▶ [Collected material]:
::::
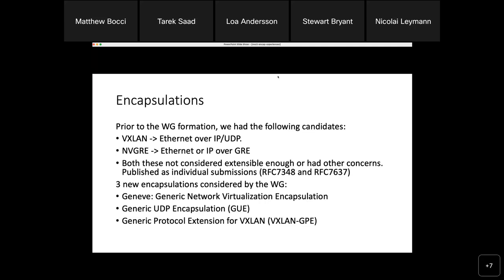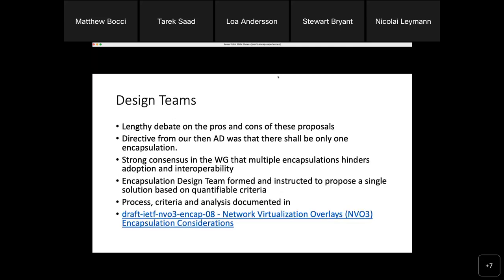The working group needed a new encapsulation that was more extensible and flexible. Three major proposals were debated at length: Geneve (Generic Network Virtualization Encapsulation), GUE (Generic UDP Encapsulation), and VXLAN-GPE (Generic Protocol Extension for VXLAN), which is a fairly simple extension onto VXLAN. There was a lot of debate over a period of years, and a first design team was chartered to make a recommendation on which encapsulation the working group should take forward — but that team did not reach consensus.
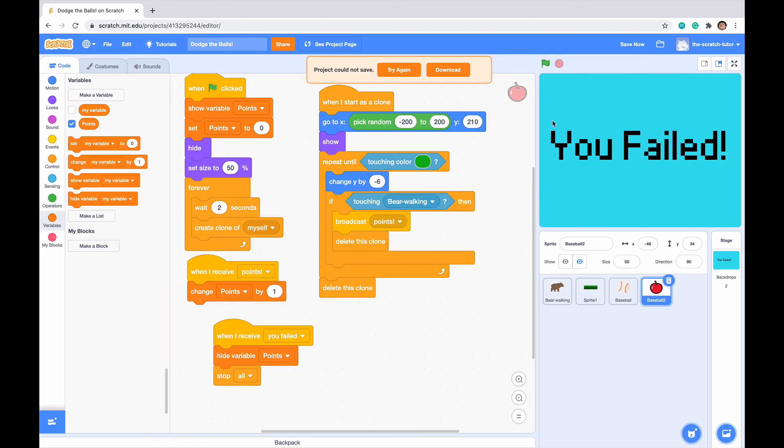We've completed our dodge the balls game. If you enjoyed this or learned something new or your game turned out really well, it'd really mean a lot if you liked and subscribed as it really helps me out. I'll catch everyone in the next video. Goodbye.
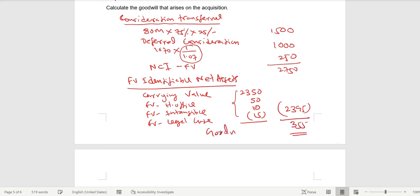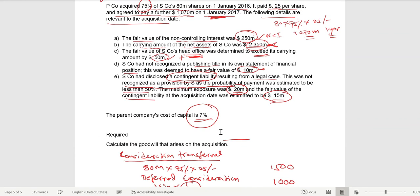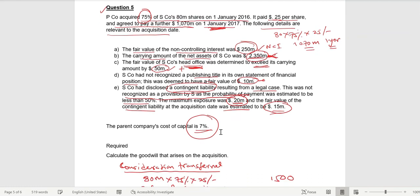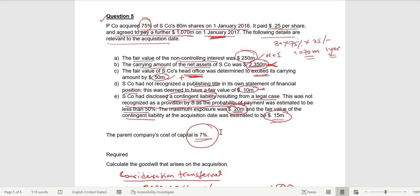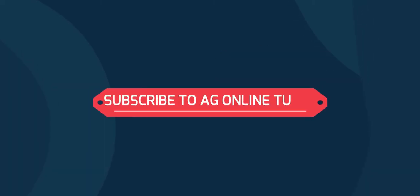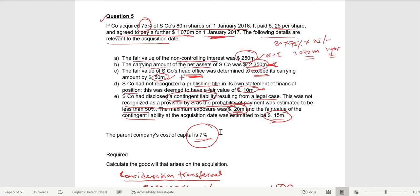That is the goodwill calculation for question number five, and with this I will conclude the session. If you have any questions or doubts, you can leave a comment, and please consider hitting the subscribe button. I will see you soon with another video — bye for now.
::::
▶ [What is expected]:
Your copy should match the material above exactly, minus its pictures.

▶ [Task answer]:
The working group needed a new encapsulation that was more extensible and flexible. Three major proposals were debated at length: Geneve (Generic Network Virtualization Encapsulation), GUE (Generic UDP Encapsulation), and VXLAN-GPE (Generic Protocol Extension for VXLAN), which is a fairly simple extension onto VXLAN. There was a lot of debate over a period of years, and a first design team was chartered to make a recommendation on which encapsulation the working group should take forward — but that team did not reach consensus.
We've completed our dodge the balls game. If you enjoyed this or learned something new or your game turned out really well, it'd really mean a lot if you liked and subscribed as it really helps me out. I'll catch everyone in the next video. Goodbye.
That is the goodwill calculation for question number five, and with this I will conclude the session. If you have any questions or doubts, you can leave a comment, and please consider hitting the subscribe button. I will see you soon with another video — bye for now.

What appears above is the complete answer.